As nice as it sounds, obviously there are very many caveats. Since all the argument in favour of the market rests on a planner’s ability to implement wealth transfers if he wants a particular outcome, what if they are not available? This is absolutely not far-fetched; we can think of many such situations. In all those, if a government cares about fairness and has some objective criterion for doing so, how can it possibly achieve an outcome that it desires without transfers? And if it cannot, then would it not rather have a more fair outcome than an efficient but a highly unfair one?

In India, these are very exciting times. We have, in all likelihood, broken from the past of crony-capitalism in the name of socialism or caring for the poor. There is a strong push from Modi supporters to implement market based policies. But Modi has traveled through the length and breadth of India. He has seen poverty. He would know too well that it is extremely difficult for the government to reach out to all the poor and implement transfers so that post-transfers, the market delivers. Unfortunately, in scenarios like these, economic theory doesn’t have a lot to offer.

When people say that a certain policy is a bad policy because it’s not efficient while market is, they tend to forget the almost mandatory concerns of fairness—however hazy and imprecise–that any government needs to have. For any government, if it’s crippled with the inability to transfer wealth to people, then it is far from obvious that it should choose efficient policies. Even if one doesn’t care for the poor, (yes such people can exist too), one must remember that there are significant links between propensity to commit crimes, violence and burglary once your income drops. Isn’t it somewhat obvious that one who has too little to lose will probably commit all kinds of crimes? For a person who has barely any food to eat, an act of burglary, if not caught, can yield substantial returns.
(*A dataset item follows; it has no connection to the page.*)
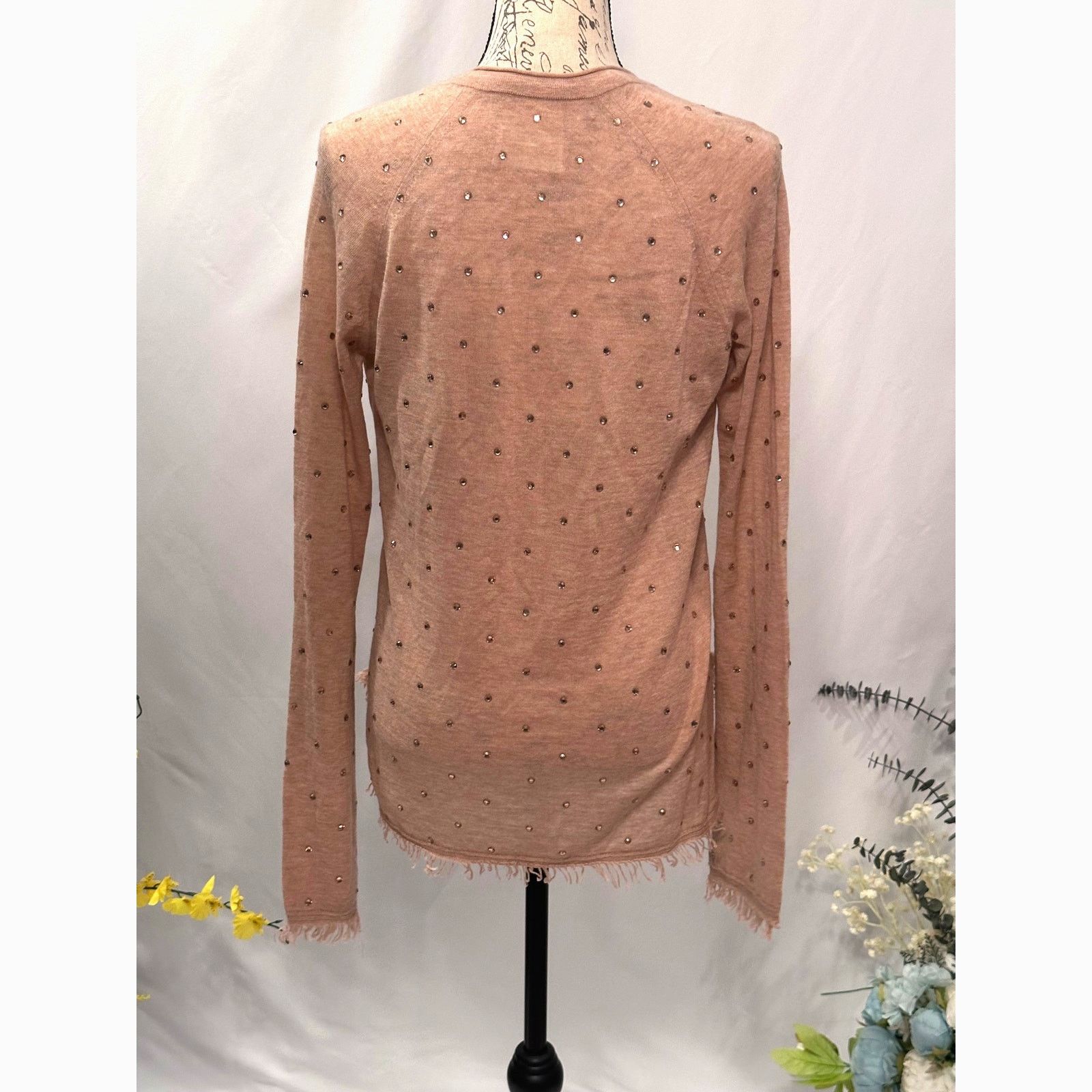 Zadig & Voltaire Zadig & Voltaire Riviera Rhinestone Cashmere Sweater Blush M Size M / US 6-8 / IT 42-44 - 17 Thumbnail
If caught, he will end up in a jail which also is probably not all that worse than his current status. A planner needs to be aware, sensitive and pragmatic about this.

At the same time, an aspect of economics which makes it probably as powerful as what it is, and an aspect that is completely absent in this post, is incentives. Everyone needs an incentive to work. Yes, even the bleeding hearts have their fancy handbags and perfumes, their conferences in Delhi’s plush India Habitat Centre with cocktail dinners, the FabIndia saris and what not, that act as incentives on a discussion on poverty.
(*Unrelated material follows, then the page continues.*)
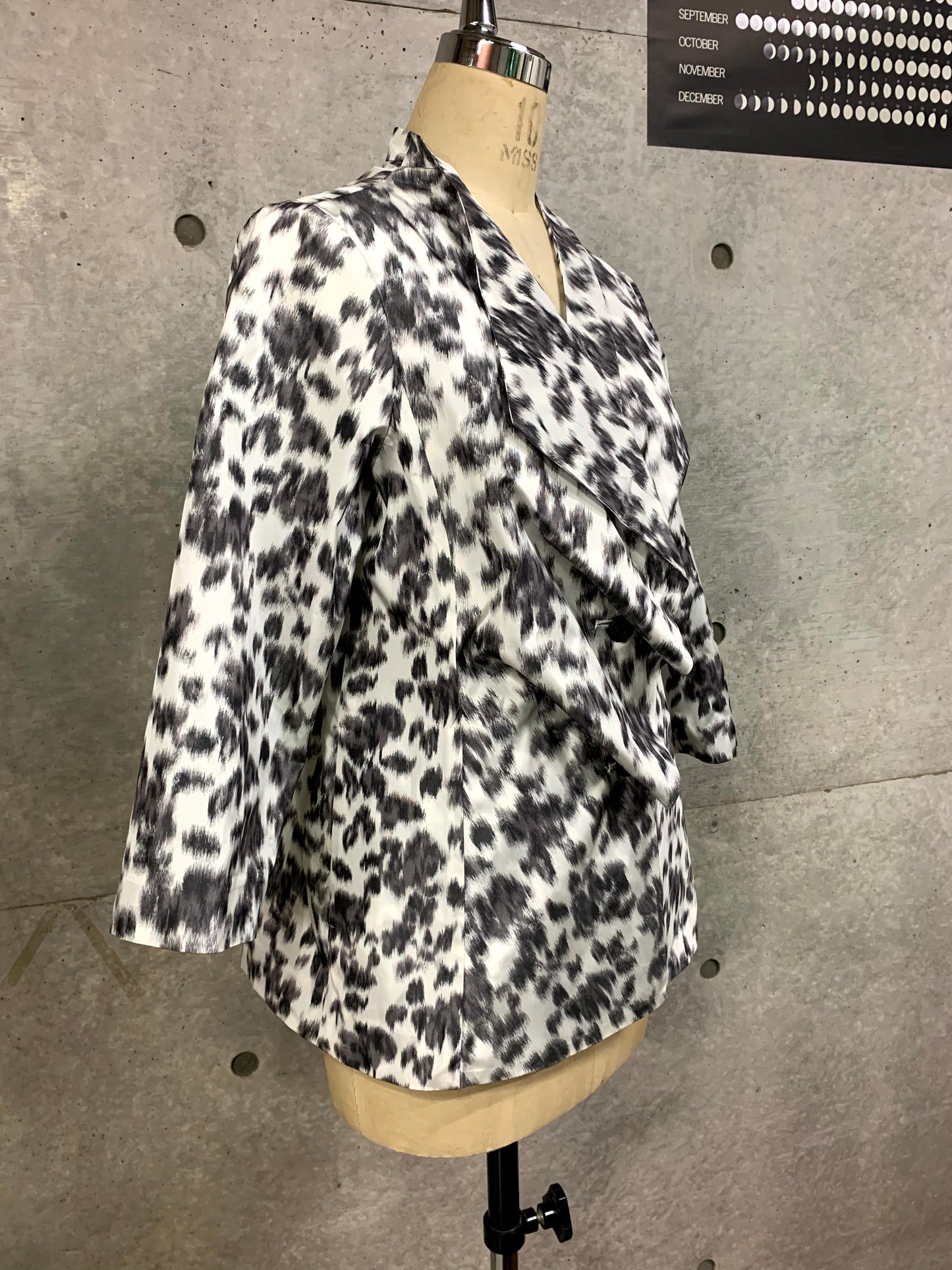 Front-Frill Jacket in Black and White Floral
If the government gives free food to the poor, how do we know that they would still go and work in the field? And if they don’t, who produces food? A planner needs to be aware of this. Most right-wingers, who call for market-oriented approaches, are largely focused on these issues. So even if they, for a moment, miss the point about fairness, this concern is well-founded. What we need therefore, are people whose heart is in the right place in terms of caring for the poor but who have enough experience to know how powerful incentives are. It is the people with these sensitivities and pragmatism who will help us solve the problem of efficient and fair policies as India takes a jump ahead. For now, we can safely laugh at those who mock the right-wingers as lacking concern for the poor. Many right-wingers have their hearts pretty much in the right place. Not widely understood is the role of the welfare theorems in pushing for market-based economies and fair outcomes, though. Coupled with that though, they will do a splendid job.

As I said, these are exciting times and I am quite optimistic.